I completely understand my friend’s frustration. The question – frequently asked, frequently met with solutions or strategies or ideas – is simple enough: What can be done?
Many times the answers, from governments to NGOs to donor agencies, come in the form of projects or programs or incentives or professional development aimed at “strengthening” someone’s “capacity.” I’ve used “capacity building” enough times in my career to realize the utter ambiguousness of the term but at the same time I am reluctant to let it go for lack of finding a more suitable term.
Years working on human rights issues have (at least I think) cleared things up for me. I was in my friend’s shoes nearly twenty years ago, a young volunteer in that same country (and same town), full of enthusiasm and irrepressible energy aimed at changing the world. The harshness of the poverty in Malawi assaulted my senses and left me with a sense of anger. The anger was partly directed inward at my own inability to change things quickly enough, partly directed towards the undefined mass of people everywhere more fortunate than the poor in Malawi but too ignorant or apathetic to care, and partly directed towards those in Malawi who could make a difference but chose not to.
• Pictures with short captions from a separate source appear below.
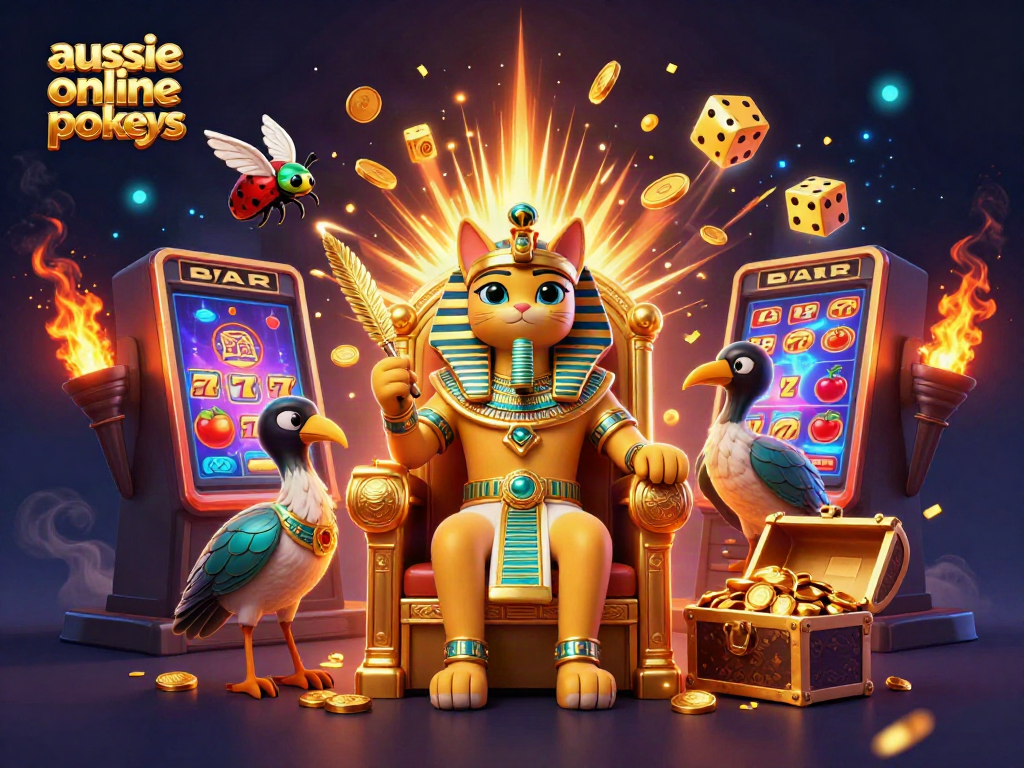 Engage with aussie online pokies through this vibrant and dynamic casino scene illustration.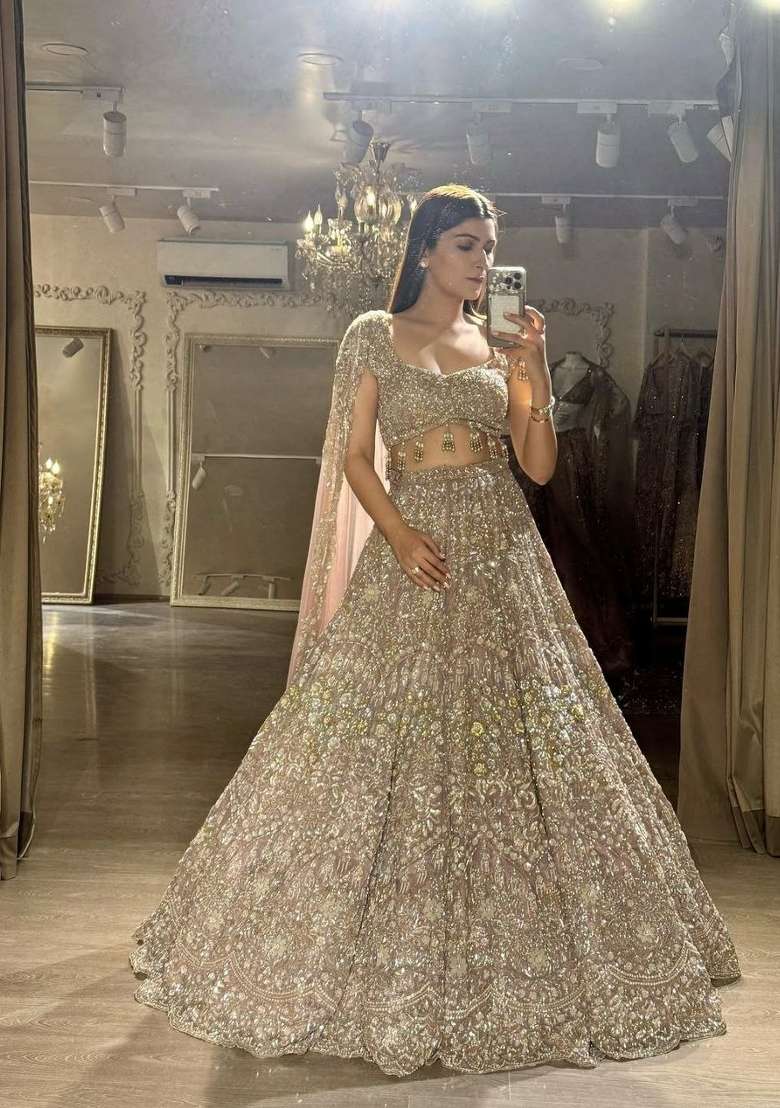 Peach Embroidered Georgette Lehenga Set for Diwali and Festive Wear - Indya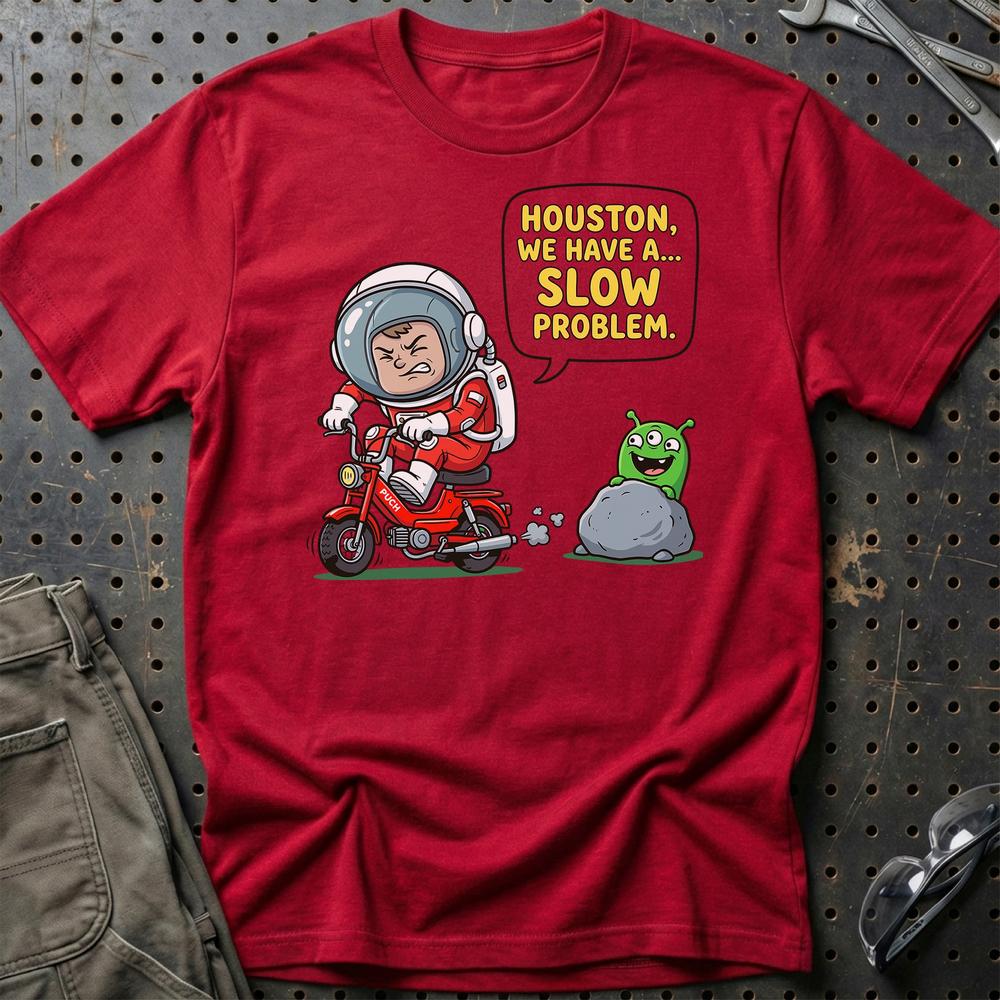 Puch Astronaut Houston We Have a Slow Problem T-Shirt-Beklædning-Puch-Rød-S-Garage Culture Shop- garage - man cave - merchandise
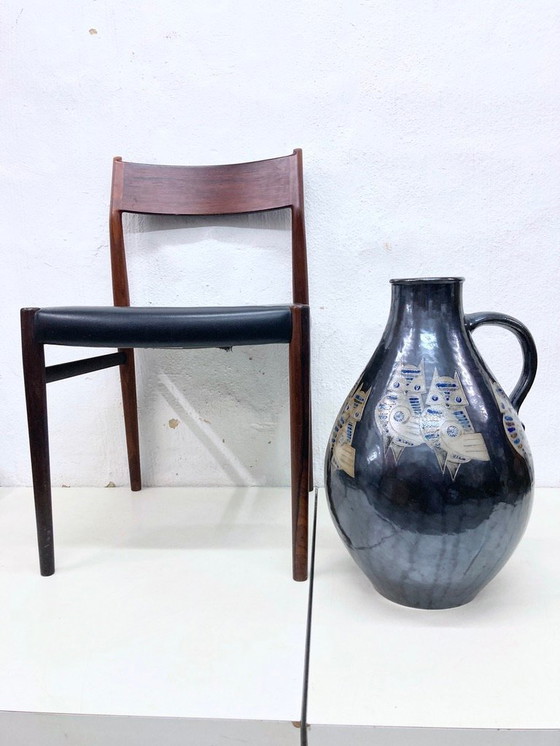 Image 1 of Large floor vase pottery Mühlendyck 1990 owl decoration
The last group – those who could make a difference in Malawi but didn’t – bugged me. I sometimes looked at my fellow teachers and became frustrated at their listless attitude towards their profession. Some taught when they felt like it. One teacher refused to teach for a week because the students did not stand up as he entered the classroom one day. They occasionally went on strike and stayed in the staffroom drinking tea. Hard to change the world when you’re surrounded by a lot of blah.
Empathy went a long way towards understanding their attitudes. Most had not chosen their careers: there were few options in Malawi. If you were fortunate enough to get an education, you either became a nurse, a teacher, or some other type of civil servant. Most had extended families to care for. Everyone got paid once a month (if they were lucky), and the amount was usually less than 200 dollars. How do you expect them to change the world?
The police were no better. If a crime took place, it was the responsibility of the victim to go to the police station and find transportation to bring the police to the crime scene. I found that out when my place was broken into. A friend walked to the police station, found an officer, and took a taxi with him to my place. I never gave the officer any money, but then again, I doubt any effort was made to catch those who robbed me. The corruption remains in place today from my friend’s insight, and while I will never find any form of corruption justifiable, I understand why it happens. There is no accountability, there are no services, there is no support, there is no reason to work with a strong sense of ethics and get nothing in return. It’s just not in a police offer’s interests to do things right unless he or she will get something for their effort.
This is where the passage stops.